My God, who would now employ this cretin? Regrettably, I think that when the time comes we will be surprised how this fool and his Bain Tool Kit will slide into another senior position somewhere. For instance, incomprehensively, Intel has this headless turkey on its Board!
Enron / eBay / PayPal / Donahoe: Dead Men Walking.
One big Skype plus for me is cheap international calls.
I have friends and family in USA and Europe, calling them by Skype is around 10% of the cost of calling them via landline or, perish the thought, mobile.
Call quality from my laptop is same or better than via a phone.
I seem to remember that Hotmail became like a Prozac induced nightmare.
Pop-ups with smiley, "have a nice day" social integration useless rubbish. Adverts for "groovy stuff" and other unwanted geographical based information like weather etc.
I also seem to remember using Windows but it might have just been a drug induced dream.
Our government is meant to protect us from drug dealers, maybe they should start doing something.
"40 per cent customer growth and 20 per cent revenue growth means only half of new users are paying for Skype"
Assuming you can say anything from the figures above it would be that new customers only spend half of what the existing base of customers do. I doubt very much that half of new customers pay for Skype.

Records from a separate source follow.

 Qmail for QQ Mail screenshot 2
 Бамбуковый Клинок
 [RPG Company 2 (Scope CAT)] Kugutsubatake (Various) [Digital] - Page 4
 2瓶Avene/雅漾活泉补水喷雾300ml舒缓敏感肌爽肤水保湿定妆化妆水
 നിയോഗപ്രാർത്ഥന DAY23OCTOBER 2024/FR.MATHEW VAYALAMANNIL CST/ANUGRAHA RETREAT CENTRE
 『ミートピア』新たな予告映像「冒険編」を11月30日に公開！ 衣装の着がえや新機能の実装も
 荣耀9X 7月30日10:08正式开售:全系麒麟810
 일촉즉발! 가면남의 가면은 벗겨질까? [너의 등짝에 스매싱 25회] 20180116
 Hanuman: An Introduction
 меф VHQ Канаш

MS didn't over pay in the slightest. This whole buyout was obviously done at the behest of the department of homeland security, as they couldn't eavesdrop on terrorist calls, they got a nice frindly US company to buy out Skype so that they can listen. Now watch some nice fat juicy government contracts go to MS.

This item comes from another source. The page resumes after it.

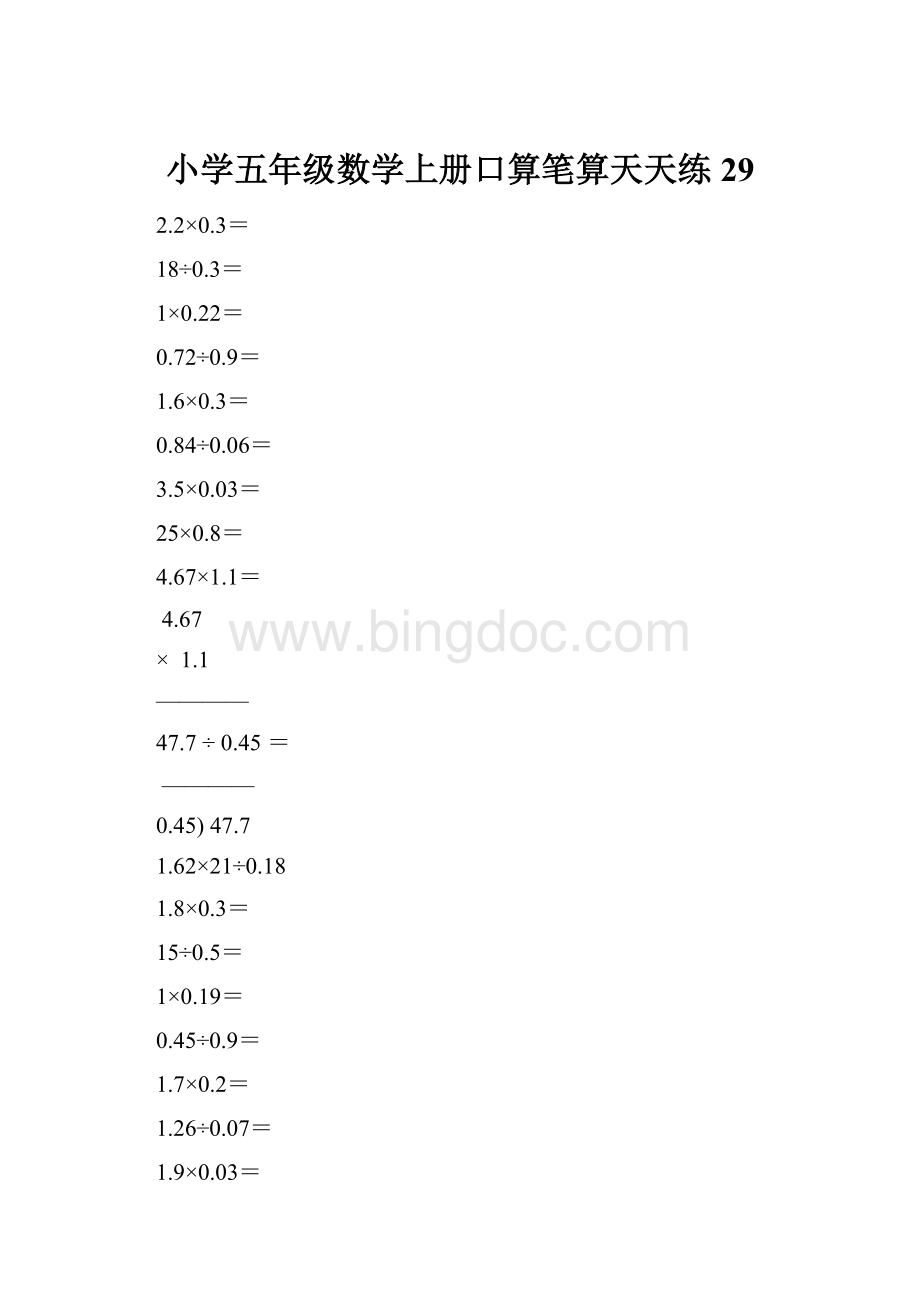 小学五年级数学上册口算笔算天天练29.docx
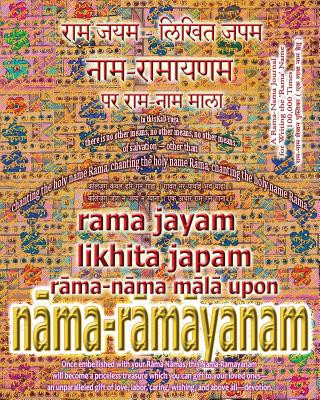 Carte Rama Jayam - Likhita Japam Sushma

Their revenue per customer this year is about 85% of what it was last year. Not a good trend, methinks...
And there are plenty of alternatives out there. We all use Skype at work but my boss is already looking at alternatives.
As to overpaying - $8.5 billion for a company that has $860 million in revenue?? All I can think of is MS must have been desperate for a tax write-off...
I use Skype exclusivly for phone calls from home, and have done so for the past 5 or 6 years. I live in Belgium, but parents live in Ireland, with other family members all over the world. My wife the same. However, we don't use the windows or mac clients.
I have a Skype Dualphone which plugs in directly into the router. Or I use the Skype client for the iPhone or Android (my wifes and my mobile phones), so chat and video calls are irrelevant to me.
No Belgian telecoms operater can come close to matching the prices Skype offer. I pay about 6EUR for a package which consists of free landline calls to most of the EU, and a local number in Ireland. Calls to mobiles in an eastern European country are 24c/min.
I calculated that my savings are in the region of about 50EUR per month.
I really really hope that MS don't force me to change to someone else.
As far as I can see, MS is being totally re-focused. Its entire build processes are being re-aligned and its all based around cloud/azure. The add ins that you build a cloud structure are a sum of parts.
In future, if/when Skype is embedded deep in most MS products, with deep intergrations, and the data, compute and managemet is in azure/local/hybrid, is cheap, and powerful, and fixes multiple areas of legacy difficulty/failing, its basically starting again with a blank page, but better.
Microsoft has for a while been looking to try and bring communication together and have it intergrated. Buying skype and its move into azure is all part of a new strategic aim at MS.
Don't under estimate this, every sinew there is being driven by this, for this, to this. There is no question on the committment or where they want to go, only if they can hang it al together.
Expect a lot of if 'Azure'.
The problem with Skype, and even more so now Microsoft are involved, is that it is the absolute antithesis of what telecommunications needs to be about.
A subscriber with one telephone company has to be able at least to contact subscribers with any other telephone company. That much ought to be self-evident. It is also highly desirable, where multiple telephone companies are competing for business in the same physical space, to be able to use the same equipment with any of them. Such interoperability requires open standards that can be implemented by anybody, and the most preferable way to achieve this is through an Open Source reference implementation (think: OpenBSD and the Secure Shell, or Apache and HTTP servers). Which is why, among those in the know, voice-over-IP invariably means Asterisk.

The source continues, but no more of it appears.